EXERCISE MATERIALS Block Start

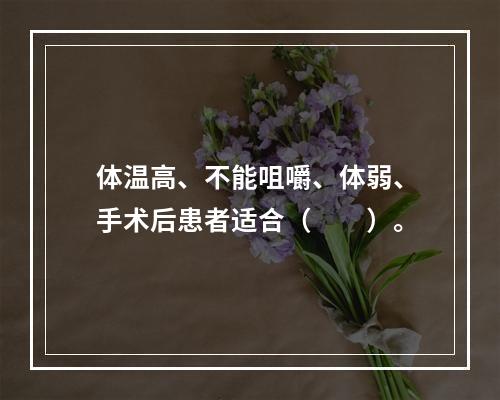 体温高、不能咀嚼、体弱、手术后患者适合（　　）。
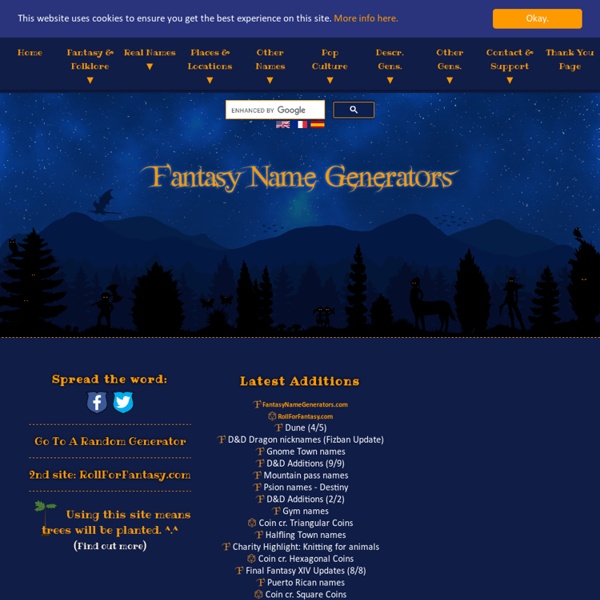 Fantasy name generators. Names for all your fantasy characters.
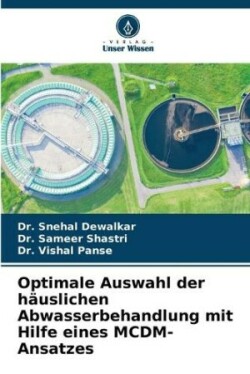 Optimale Auswahl der häuslichen Abwasserbehandlung mit Hilfe eines MCDM-Ansatzes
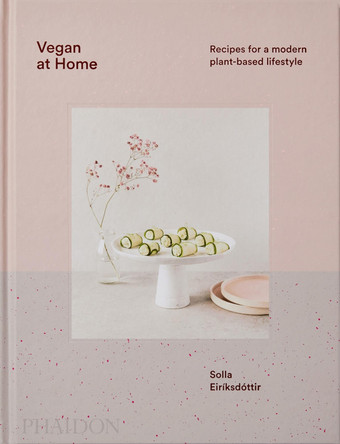 Vegan at Home: Recipes for a modern plant-based lifestyle by Solla Eiriksdottir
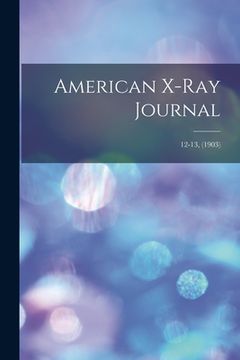 portada American X-ray Journal; 12-13, (1903) (en Inglés)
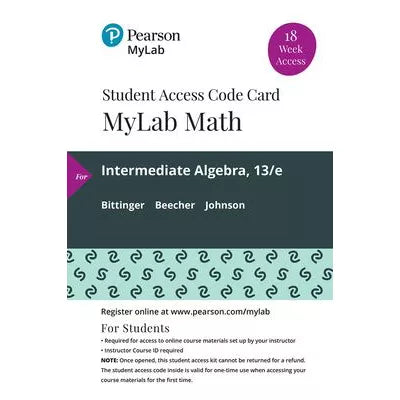 MyLab Math with Pearson eText Access Code (18 Weeks) for Intermediate Algebra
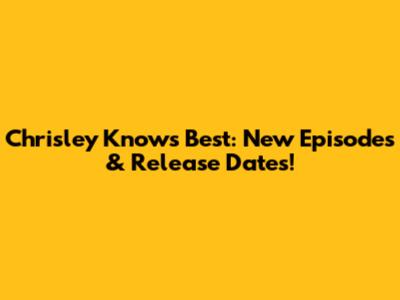 Chrisley Knows Best: New Episodes & Release Dates!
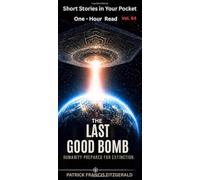 THE LAST GOOD BOMB: Short Stories in Your Pocket Vol. 64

EXERCISE MATERIALS Block End

WORK TO COMPLETE:
Reproduce, exactly and with no pictures, the lines from the line containing "Optimale Auswahl der" through the closing line of the data above, keeping both ends.

RESULT BELOW:
 Optimale Auswahl der häuslichen Abwasserbehandlung mit Hilfe eines MCDM-Ansatzes
 Vegan at Home: Recipes for a modern plant-based lifestyle by Solla Eiriksdottir
 portada American X-ray Journal; 12-13, (1903) (en Inglés)
 MyLab Math with Pearson eText Access Code (18 Weeks) for Intermediate Algebra
 Chrisley Knows Best: New Episodes & Release Dates!
 THE LAST GOOD BOMB: Short Stories in Your Pocket Vol. 64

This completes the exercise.